The city of Charlottesville is working to support small businesses owned by minorities through a new loan program. At the same time, a small-business owner has created a directory of African American-owned businesses in the area.
In March, the City Council launched its Business Equity Fund. As an initiative of Councilor Wes Bellamy, the equity fund is a loan program for existing businesses within the city that are minority-owned. It is an effort to provide capital access to people who traditionally have faced entrepreneurial barriers.
Hollie Lee, chief of workforce development strategies for the city’s economic development department, said the Business Equity Fund is to “make sure it goes to those who could have a harder time” applying for other loans.
The fund will be administered in partnership with the Community Investment Collaborative. Lee said interested small-business owners who have been established for at least six months can contact the economic development office to determine if they are eligible before being directed to the CIC to begin the process.
Hollie Lee, chief of workforce development strategies for Charlottesville's Office of Economic Development, has helped implement the Business Equity Fund.
Credit: Ézé Amos/Charlotesville Tomorrow
The Business Equity Fund offers a subsidized interest rate of up to 3%, which is below the typical market rate.
Lee said the council allocated about $109,000 for the initiative. She said most of the loans will range between $5,000 and $20,000.
“Council felt that up to 3% would be more manageable and be less of a burden on the small-business owners,” Lee said.
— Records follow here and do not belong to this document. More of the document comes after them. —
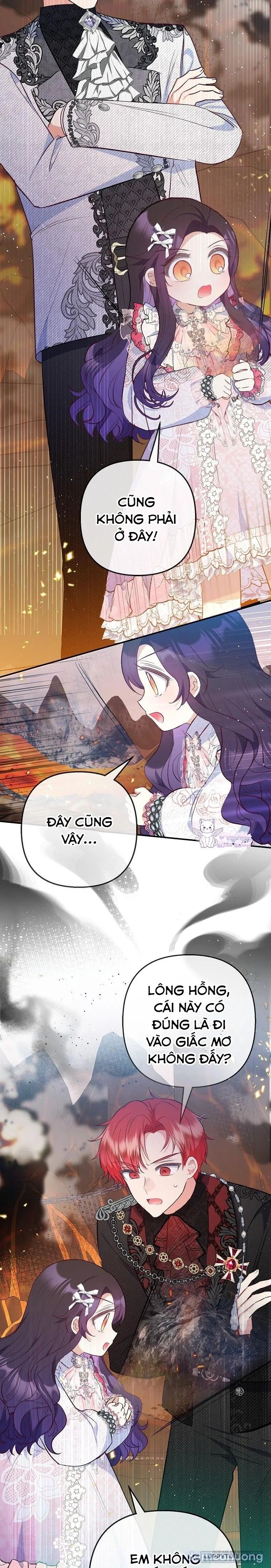 đọc truyện Con Gái Cưng Của Quỷ Chương 70 ảnh 26 tại Thiên Thai Truyện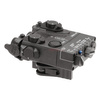 DBAL-A2 Latarka Laser Module Red+IR BLK WADSN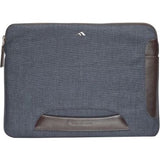 Brenthaven Collins Carrying Case (Sleeve) Tablet, Pen, Accessories - Indigo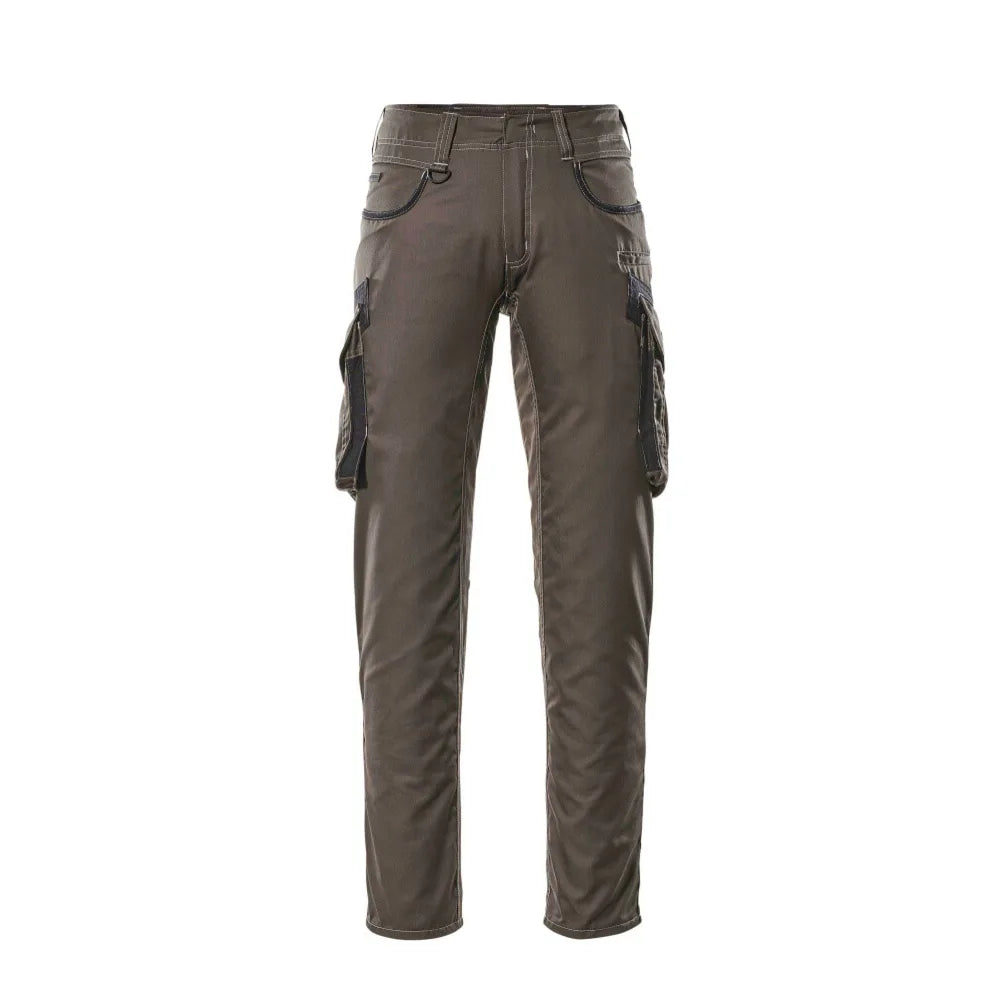 Mascot 16279-230 Broek Met Dijbeenzakken Donkerantraciet Zwart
The fund came ahead of the announcement of a state-level focus on supporting minority businesses.
Among his 40 suggested amendments to the General Assembly budget, Gov. Ralph Northam proposed allocating $65,000 from the general fund to the Department of Small Business and Supplier Diversity to create programming for women- and minority-owned businesses. Northam also proposed that the department use $500,000 from the general fund to hire a firm to conduct a disparity study.
Those efforts failed when state legislators began deliberations on the budget during the reconvened legislative session in Richmond this past week.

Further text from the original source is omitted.